Des moteurs sectoriels à vitesses inégales
L’analyse sectorielle met en évidence une croissance déséquilibrée. Le secteur primaire — agriculture, pêche maritime et extraction de phosphates — a enregistré une hausse de sa valeur ajoutée de 2,6 %, après une baisse de 4,2 % un an plus tôt. Cette amélioration apparaît toutefois largement liée à un effet de base, après une campagne agricole difficile en 2024, plutôt qu’à une transformation structurelle durable du secteur.
À l’inverse, le secteur secondaire, censé jouer un rôle central dans l’industrialisation et la création d’emplois, affiche un net ralentissement. Sa croissance est passée de 6,9 % à 3,8 %, signalant un essoufflement de l’industrie, du BTP et des travaux publics. Ce recul interroge la capacité de ces activités à maintenir leur rôle de locomotive économique, notamment dans un contexte de hausse des coûts et de contraintes de financement.
Le secteur tertiaire, incluant le commerce, les services, le tourisme et les activités financières, n’échappe pas à cette tendance.
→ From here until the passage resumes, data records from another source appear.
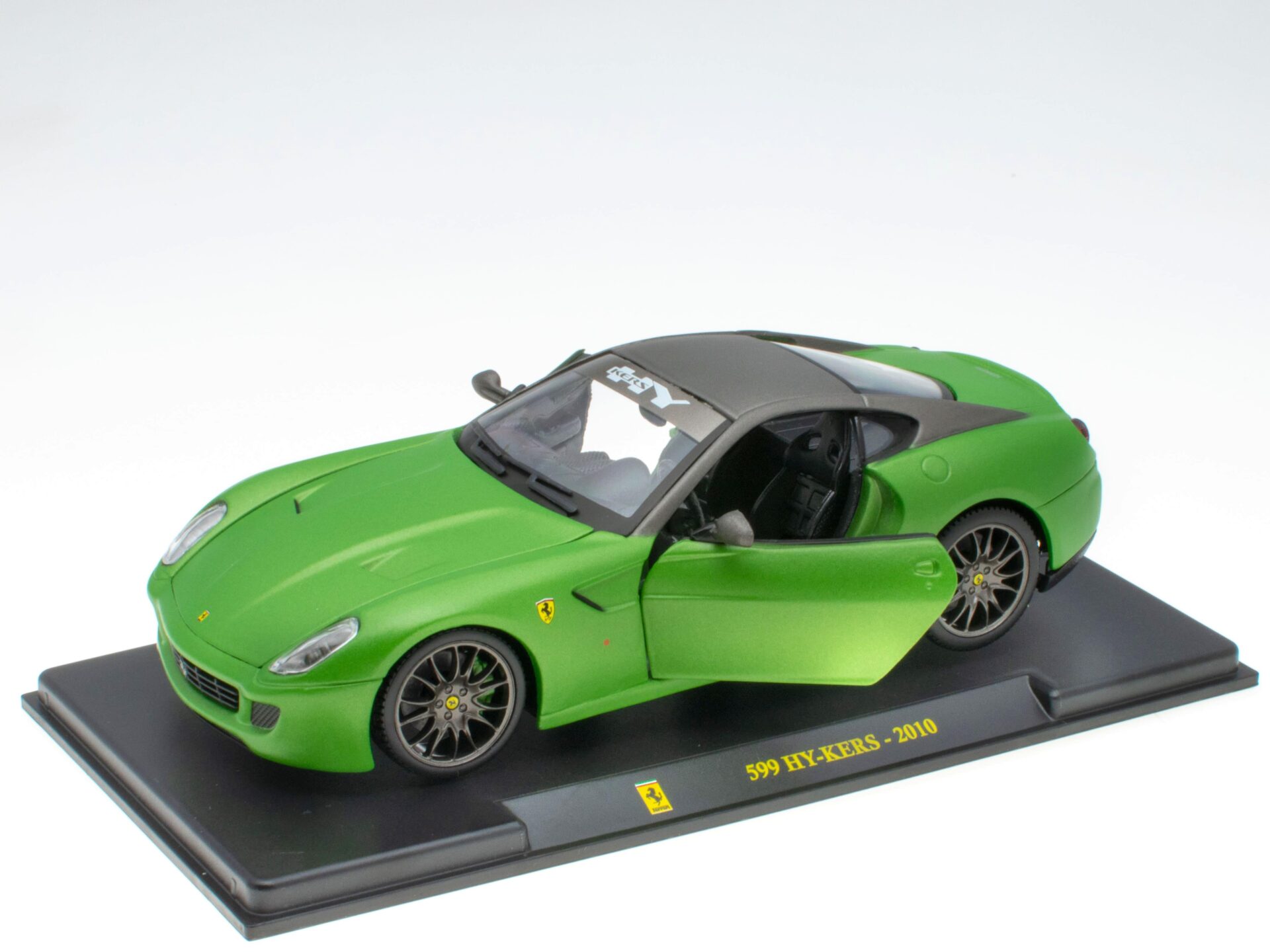 1:24 Hachette Bburago Ferrari Collection Ferrari 599 HY-KERS green 2010 with display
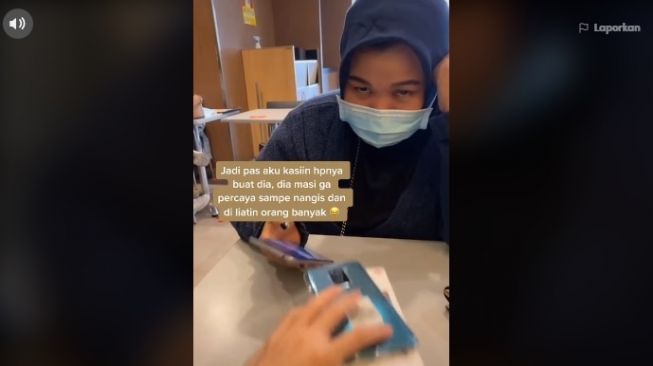 Persahabatan ini bikin iri warganet. [TikTok]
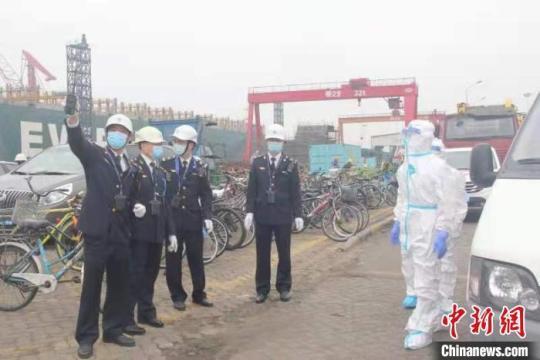 廣州海事部門(mén)緊急救助一名患病外籍船員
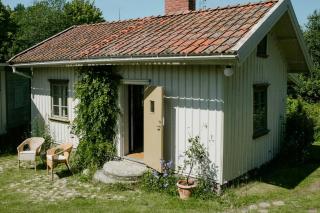 Rustic Serenity And Starry Nights On Island Farm - 9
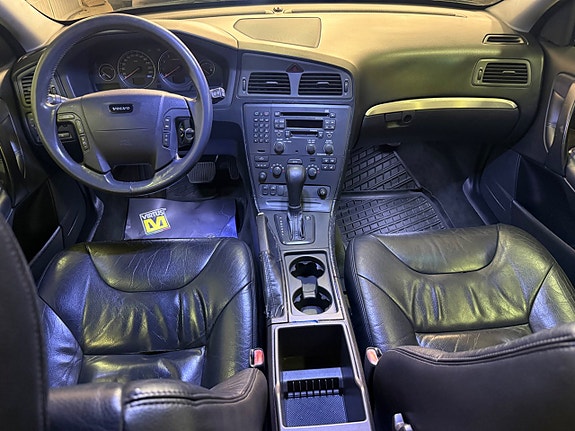 Volvo V70 7 of 12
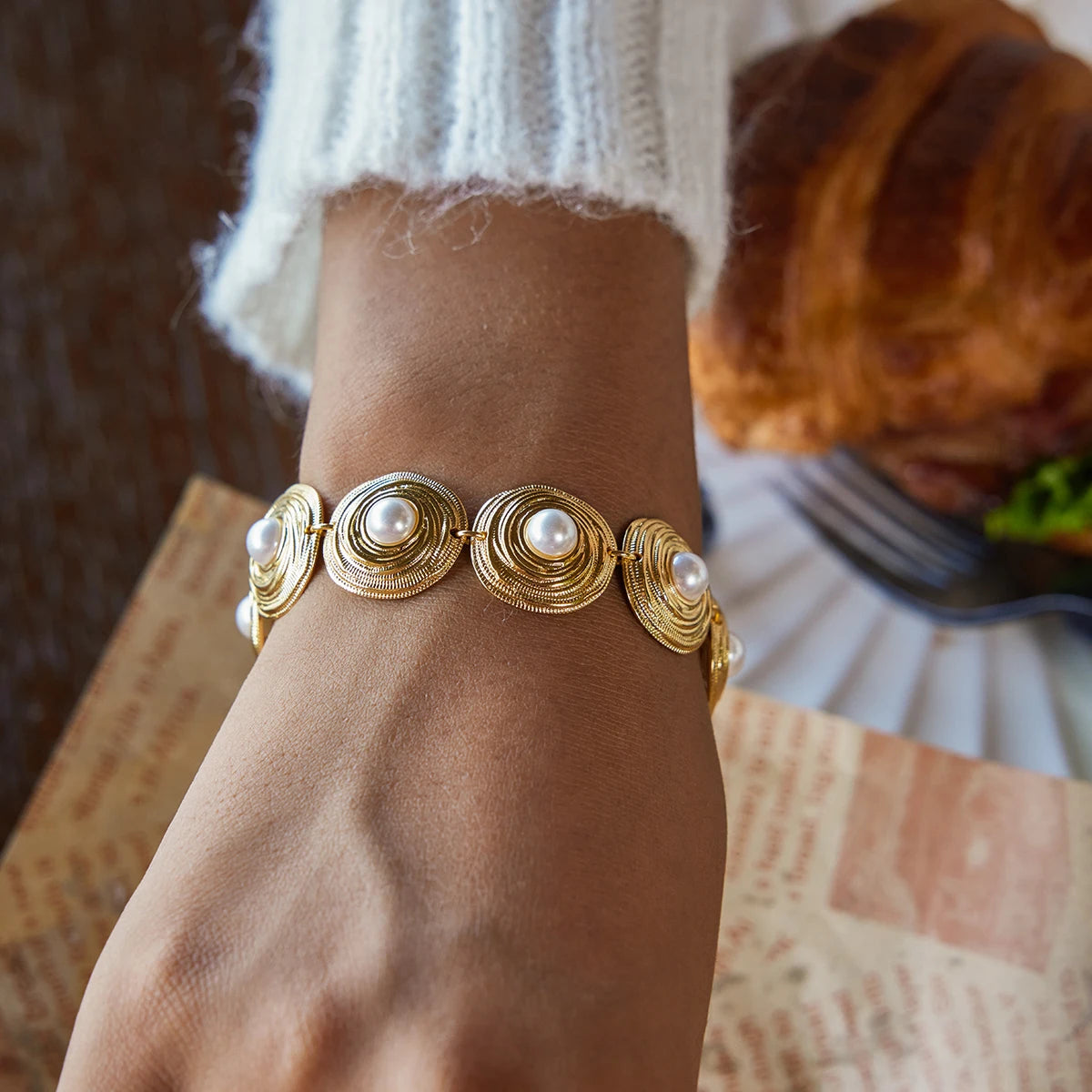 Brightness Pearl Circular Bracelets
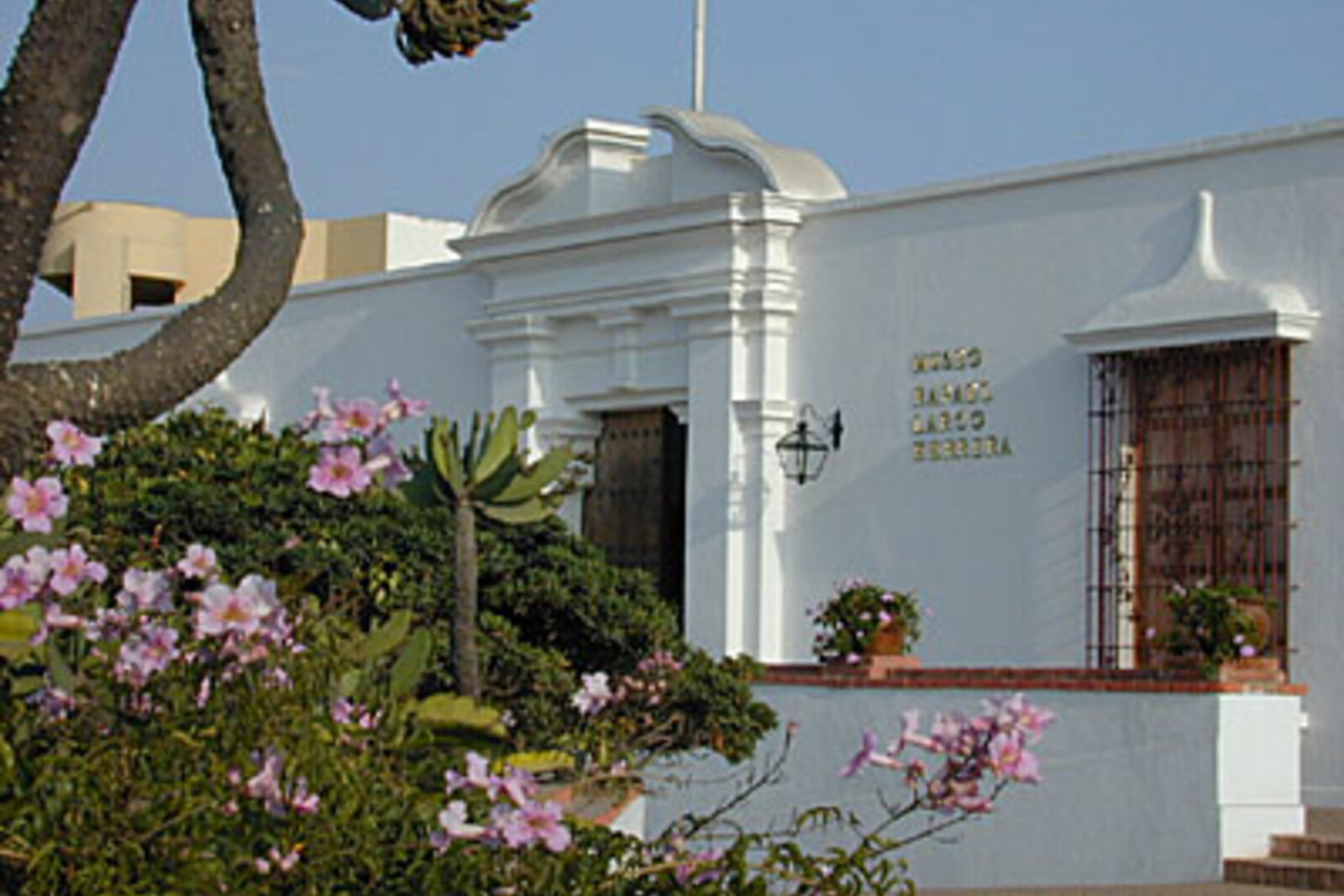 Exterior of Museo Larco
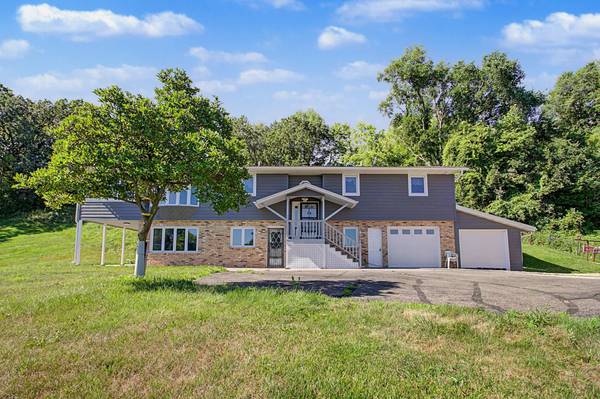 12785 James AVE, Hastings, MN 55033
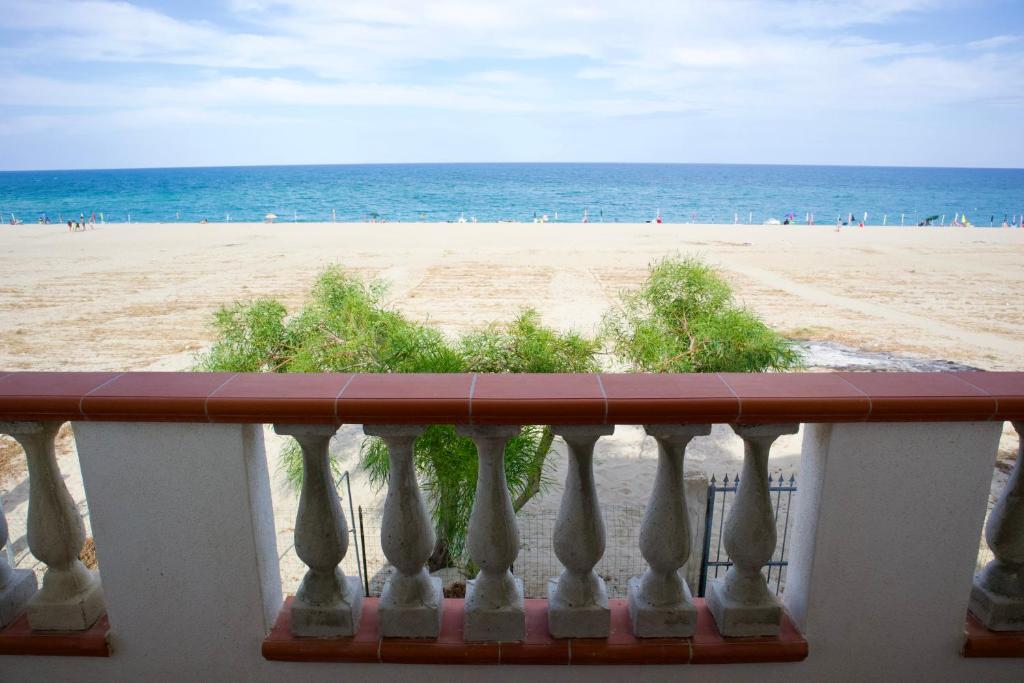 balcón con vistas a la playa en Aria di sale B&B, en Marina di Strongoli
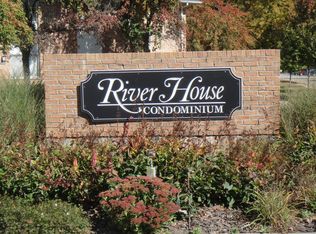 1249 Island Dr APT 101, Ann Arbor, MI 48105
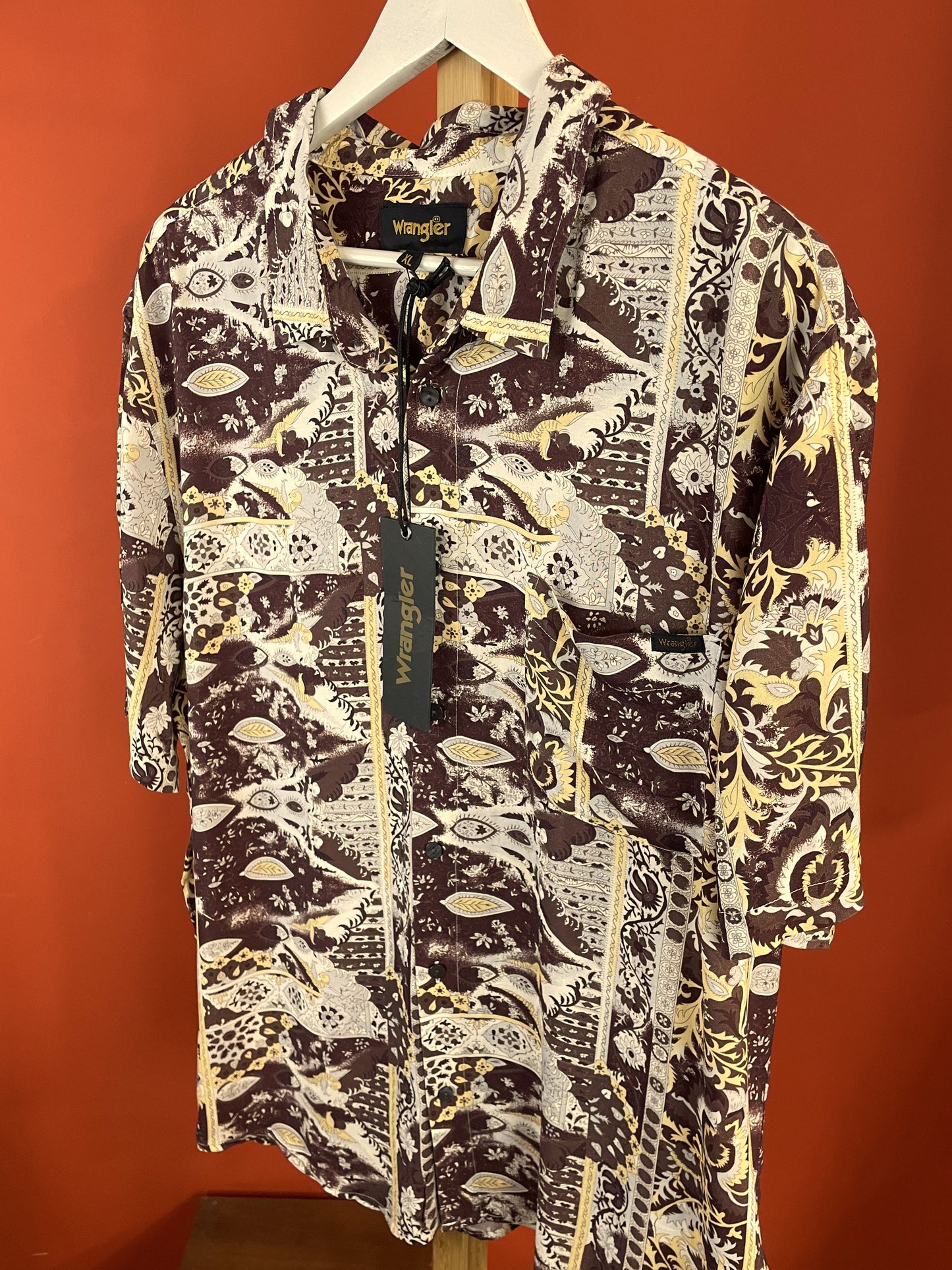 Stock, Hawaiian Πουκάμισο WRANGLER σε Σοκολατί - Μπεζ χρώματα (ΑΝΔΡΑΣ: M - ΓΥΝΑΙΚΑ : L)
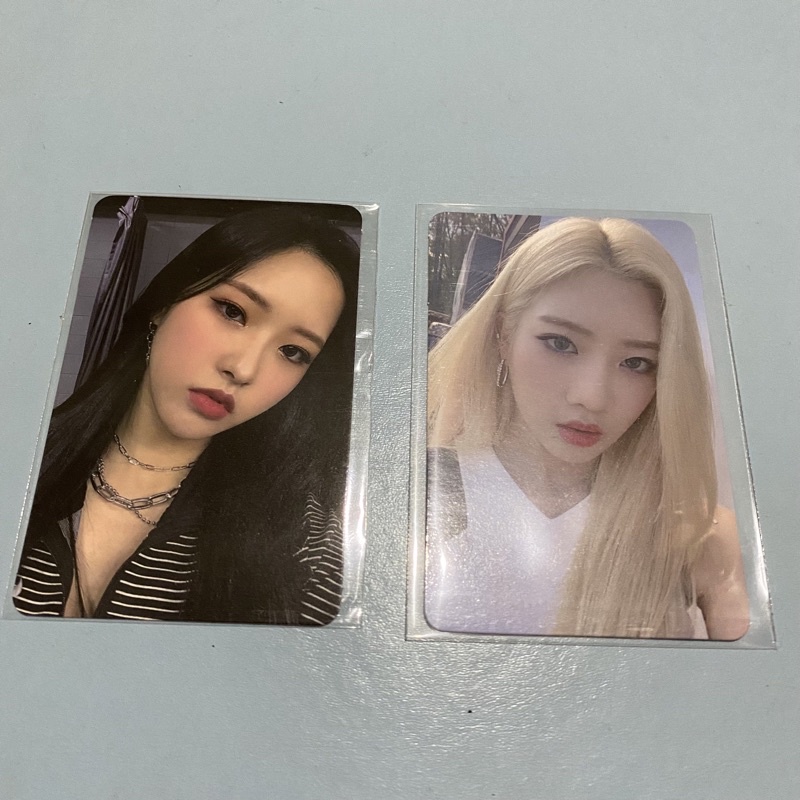 LOONA 12:00 MMT POB, HYEJOO & KIM LIP PHOTOCARD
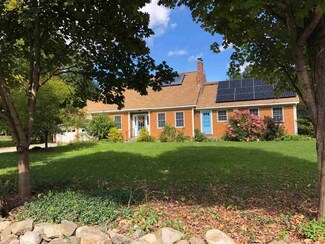 139 Jericho St, White River Junction, VT 05001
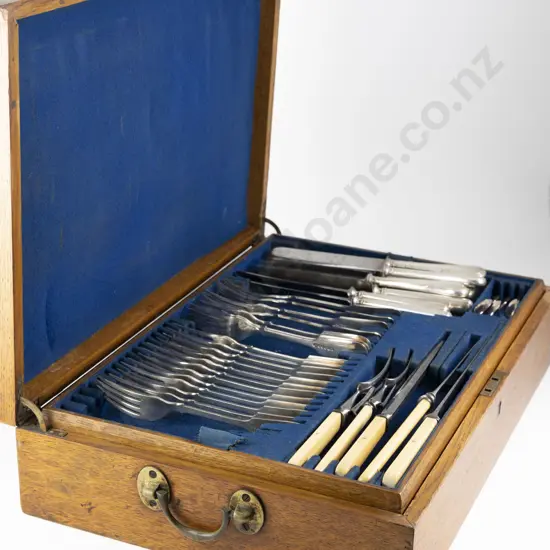 Late Vict Oak Canteen Of S/Plate Cutlery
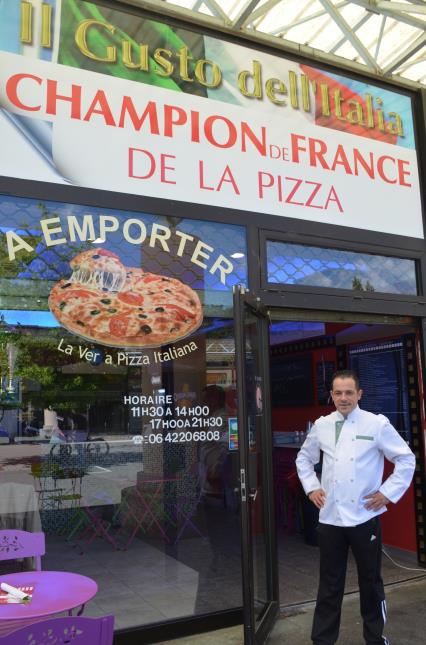 Nicolas Ribera affiche son titre de champion de France sur la devanture de sa pizzéria Il Gusto dell'Italia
Son taux de croissance est passé de 5 % à 4,2 %, confirmant que même les activités traditionnellement les plus résilientes commencent à ressentir les limites de la demande, qu’elle soit interne ou externe.
Une croissance portée par la demande intérieure
La note du HCP souligne une progression marquée de la demande intérieure, en hausse de 7,6 % contre 5,9 % un an auparavant, contribuant à hauteur de 8,3 points à la croissance globale. Cette donnée confirme la place centrale de la consommation et de l’investissement domestiques dans la dynamique économique actuelle.
Dans le même sens, la formation brute de capital a augmenté de 15 %, contre 11,8 % au troisième trimestre de 2024, avec une contribution de 4,6 points à la croissance. Si cette accélération de l’investissement est généralement perçue comme un signal positif, elle pose néanmoins la question de sa qualité, de sa rentabilité sociale et surtout de son mode de financement.
Parallèlement, la contribution des exportations à la croissance s’est réduite, passant de 4,3 points à 3,4 points, révélant un affaiblissement de la demande extérieure ou des limites persistantes en matière de compétitivité sur certains marchés.
Épargne nationale et besoin de financement : un déséquilibre latent
Le taux d’épargne nationale s’est établi à 29,7 % du PIB, dans un contexte où la consommation finale nationale a progressé de 5 % en valeur. Toutefois, l’indicateur le plus révélateur demeure le creusement du besoin de financement de l’économie nationale, qui atteint 2,9 % du PIB, contre 2,3 % un an plus tôt.
Ce glissement traduit une tension structurelle : une croissance alimentée par l’investissement et la demande intérieure, mais insuffisamment couverte par l’épargne nationale. Autrement dit, le modèle actuel génère de l’activité, mais au prix d’un déséquilibre financier croissant, susceptible de peser sur les équilibres macroéconomiques à moyen terme.
Ce que disent les chiffres… et ce qu’ils laissent en suspens
La note du HCP fournit une lecture rigoureuse des grands agrégats économiques, mais elle laisse ouvertes plusieurs interrogations majeures. Elle ne permet pas, à elle seule, de mesurer l’impact réel de cette croissance sur l’emploi, les revenus des ménages, ou la réduction des inégalités sociales et territoriales.
La question centrale reste celle de la qualité de la croissance : s’agit-il d’une croissance créatrice d’emplois durables et de valeur ajoutée locale, ou d’une dynamique portée par des investissements intensifs en capital, dont les retombées sociales demeurent limitées ?
En définitive, les données du troisième trimestre 2025 dessinent une économie marocaine en progression, mais plus fragile qu’il n’y paraît. Le ralentissement du rythme de croissance, conjugué à l’augmentation du besoin de financement, place les politiques économiques face à un enjeu clé : maintenir l’élan sans accentuer les déséquilibres, et transformer la performance macroéconomique en améliorations tangibles pour la population.